Work to complete -> Every line in the listing below from the one with "husky male available for sale 8" through the one with "Black Bayou Lake" is to be reproduced exactly, both ends included; leave out the rest.

Data excerpts ->
----
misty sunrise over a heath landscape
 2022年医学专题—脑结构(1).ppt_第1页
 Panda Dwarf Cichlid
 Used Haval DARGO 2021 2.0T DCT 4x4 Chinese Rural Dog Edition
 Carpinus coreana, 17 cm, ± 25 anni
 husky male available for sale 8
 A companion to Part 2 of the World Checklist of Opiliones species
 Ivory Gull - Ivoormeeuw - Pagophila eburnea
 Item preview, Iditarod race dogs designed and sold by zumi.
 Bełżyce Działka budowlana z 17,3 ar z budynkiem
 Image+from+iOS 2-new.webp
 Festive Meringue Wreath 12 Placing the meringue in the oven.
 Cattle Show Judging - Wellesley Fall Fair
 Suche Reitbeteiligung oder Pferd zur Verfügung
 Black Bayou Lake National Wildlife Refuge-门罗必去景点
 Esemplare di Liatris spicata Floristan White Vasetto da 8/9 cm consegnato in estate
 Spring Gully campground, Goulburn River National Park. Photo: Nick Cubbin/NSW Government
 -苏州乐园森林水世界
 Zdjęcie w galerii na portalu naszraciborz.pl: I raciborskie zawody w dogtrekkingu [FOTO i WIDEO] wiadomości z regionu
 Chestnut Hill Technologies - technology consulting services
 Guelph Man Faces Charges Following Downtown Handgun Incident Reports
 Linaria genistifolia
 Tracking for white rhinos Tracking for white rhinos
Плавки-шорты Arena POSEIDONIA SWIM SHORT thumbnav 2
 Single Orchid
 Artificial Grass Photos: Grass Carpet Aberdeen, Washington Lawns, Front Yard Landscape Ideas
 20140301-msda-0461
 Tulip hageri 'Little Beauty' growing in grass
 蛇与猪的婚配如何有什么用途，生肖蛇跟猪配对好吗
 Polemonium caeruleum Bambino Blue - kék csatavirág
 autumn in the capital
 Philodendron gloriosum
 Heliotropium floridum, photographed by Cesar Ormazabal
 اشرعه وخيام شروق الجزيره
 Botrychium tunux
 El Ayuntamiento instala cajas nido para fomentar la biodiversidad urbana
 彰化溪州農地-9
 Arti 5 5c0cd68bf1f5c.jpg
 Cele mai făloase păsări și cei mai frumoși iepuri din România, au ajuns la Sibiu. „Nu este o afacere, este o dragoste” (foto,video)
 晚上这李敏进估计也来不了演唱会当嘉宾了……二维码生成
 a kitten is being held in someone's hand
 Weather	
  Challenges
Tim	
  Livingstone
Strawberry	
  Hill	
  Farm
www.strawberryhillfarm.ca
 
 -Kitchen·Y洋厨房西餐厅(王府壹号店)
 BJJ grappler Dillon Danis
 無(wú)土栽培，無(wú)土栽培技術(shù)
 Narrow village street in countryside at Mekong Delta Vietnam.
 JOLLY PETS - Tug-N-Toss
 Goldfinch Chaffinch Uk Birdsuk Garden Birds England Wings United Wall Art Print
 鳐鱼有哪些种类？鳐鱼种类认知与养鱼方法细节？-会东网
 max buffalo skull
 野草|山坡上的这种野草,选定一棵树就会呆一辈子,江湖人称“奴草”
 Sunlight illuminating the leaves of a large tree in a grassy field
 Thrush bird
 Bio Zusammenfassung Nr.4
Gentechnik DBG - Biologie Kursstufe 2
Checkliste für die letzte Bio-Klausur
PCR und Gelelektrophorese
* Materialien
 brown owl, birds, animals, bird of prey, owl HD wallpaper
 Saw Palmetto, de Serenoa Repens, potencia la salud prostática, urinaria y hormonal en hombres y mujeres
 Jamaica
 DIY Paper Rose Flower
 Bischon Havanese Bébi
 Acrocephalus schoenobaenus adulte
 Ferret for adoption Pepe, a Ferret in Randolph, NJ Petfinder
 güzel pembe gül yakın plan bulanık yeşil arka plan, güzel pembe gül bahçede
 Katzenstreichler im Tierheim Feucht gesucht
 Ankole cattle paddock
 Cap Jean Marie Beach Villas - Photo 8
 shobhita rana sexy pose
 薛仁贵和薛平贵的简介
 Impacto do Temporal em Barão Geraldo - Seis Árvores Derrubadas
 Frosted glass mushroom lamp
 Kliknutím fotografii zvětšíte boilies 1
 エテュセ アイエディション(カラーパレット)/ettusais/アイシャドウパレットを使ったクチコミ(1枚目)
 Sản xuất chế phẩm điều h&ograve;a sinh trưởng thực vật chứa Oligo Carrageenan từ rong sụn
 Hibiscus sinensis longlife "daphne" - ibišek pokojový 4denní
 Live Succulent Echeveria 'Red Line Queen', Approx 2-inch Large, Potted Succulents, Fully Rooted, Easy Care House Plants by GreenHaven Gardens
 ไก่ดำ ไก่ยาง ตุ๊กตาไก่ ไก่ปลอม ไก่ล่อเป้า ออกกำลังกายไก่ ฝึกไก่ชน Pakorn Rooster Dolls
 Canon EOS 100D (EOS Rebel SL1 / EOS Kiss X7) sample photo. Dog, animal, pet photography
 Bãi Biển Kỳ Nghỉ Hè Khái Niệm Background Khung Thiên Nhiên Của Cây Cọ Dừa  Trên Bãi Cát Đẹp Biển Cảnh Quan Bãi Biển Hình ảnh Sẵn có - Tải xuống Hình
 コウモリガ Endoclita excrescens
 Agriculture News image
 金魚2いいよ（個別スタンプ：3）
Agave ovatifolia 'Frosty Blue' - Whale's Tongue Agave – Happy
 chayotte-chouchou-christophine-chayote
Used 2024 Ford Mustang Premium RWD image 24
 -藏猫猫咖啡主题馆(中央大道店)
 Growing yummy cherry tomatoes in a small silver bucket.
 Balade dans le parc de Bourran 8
----
Response to this exercise ->
 husky male available for sale 8
 A companion to Part 2 of the World Checklist of Opiliones species
 Ivory Gull - Ivoormeeuw - Pagophila eburnea
 Item preview, Iditarod race dogs designed and sold by zumi.
 Bełżyce Działka budowlana z 17,3 ar z budynkiem
 Image+from+iOS 2-new.webp
 Festive Meringue Wreath 12 Placing the meringue in the oven.
 Cattle Show Judging - Wellesley Fall Fair
 Suche Reitbeteiligung oder Pferd zur Verfügung
 Black Bayou Lake National Wildlife Refuge-门罗必去景点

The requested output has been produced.